■ The task ■
The entire listing that follows must be repeated exactly, pictures excluded.

■ Exercise data ■
=== Begin Enclosure ===

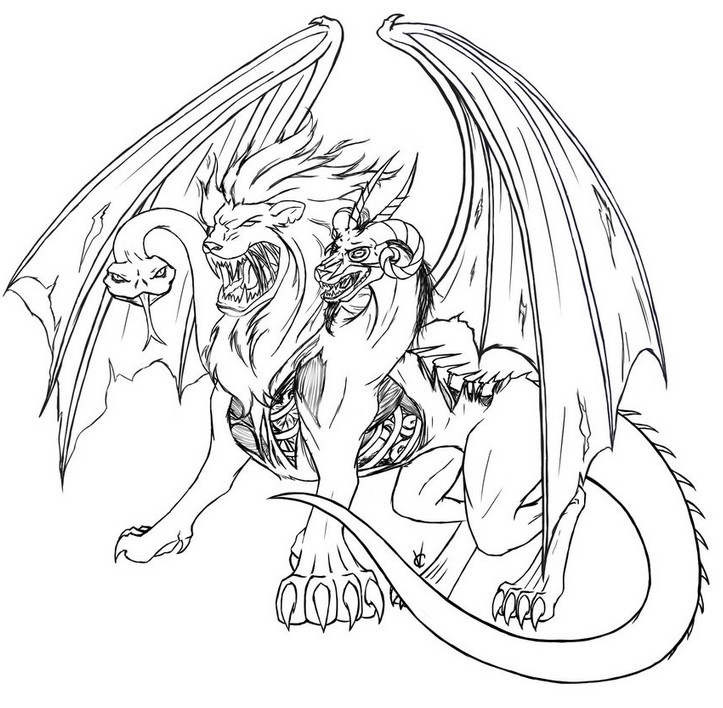 723x708 Adult Coloring Page Fantastic Animals Chimaera 11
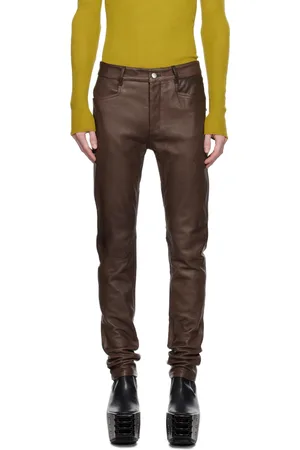 Leather Pants in the color Brown for men | FASHIOLA.com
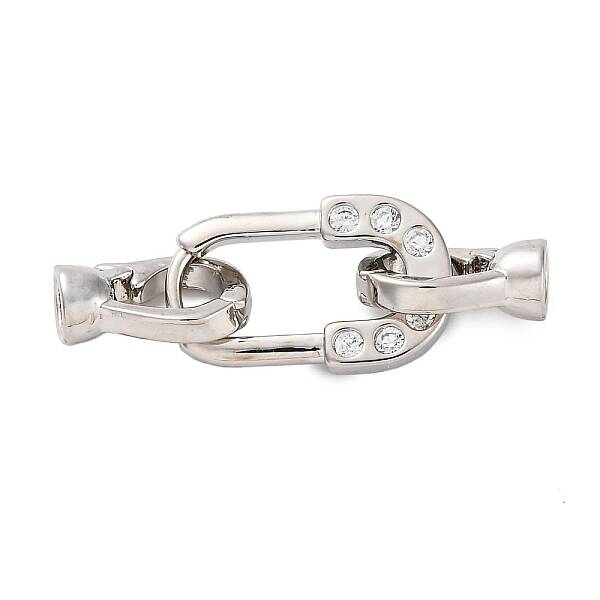 Brass Micro Pave Clear Cubic Zirconia Fold Over Clasps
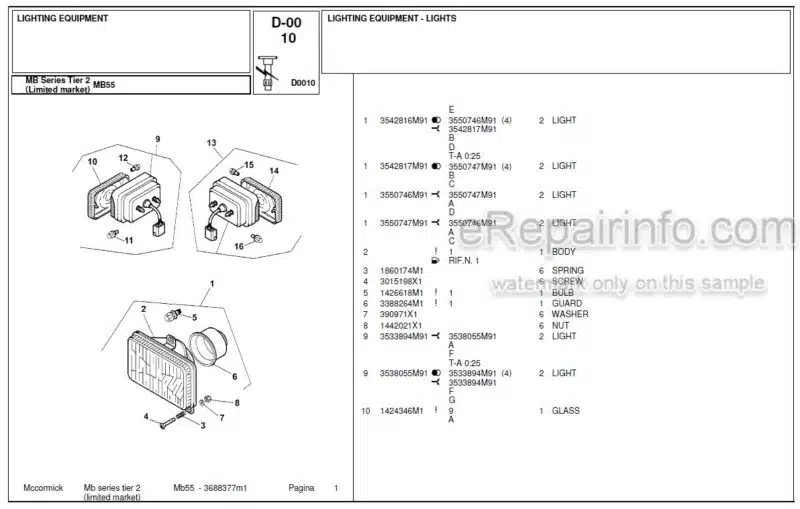 Photo 1 - McCormick MB55 Tier 2 Parts Catalog Tractor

=== End Enclosure ===

■ Answer to the exercise ■
 723x708 Adult Coloring Page Fantastic Animals Chimaera 11
 Leather Pants in the color Brown for men | FASHIOLA.com
 Brass Micro Pave Clear Cubic Zirconia Fold Over Clasps
 Photo 1 - McCormick MB55 Tier 2 Parts Catalog Tractor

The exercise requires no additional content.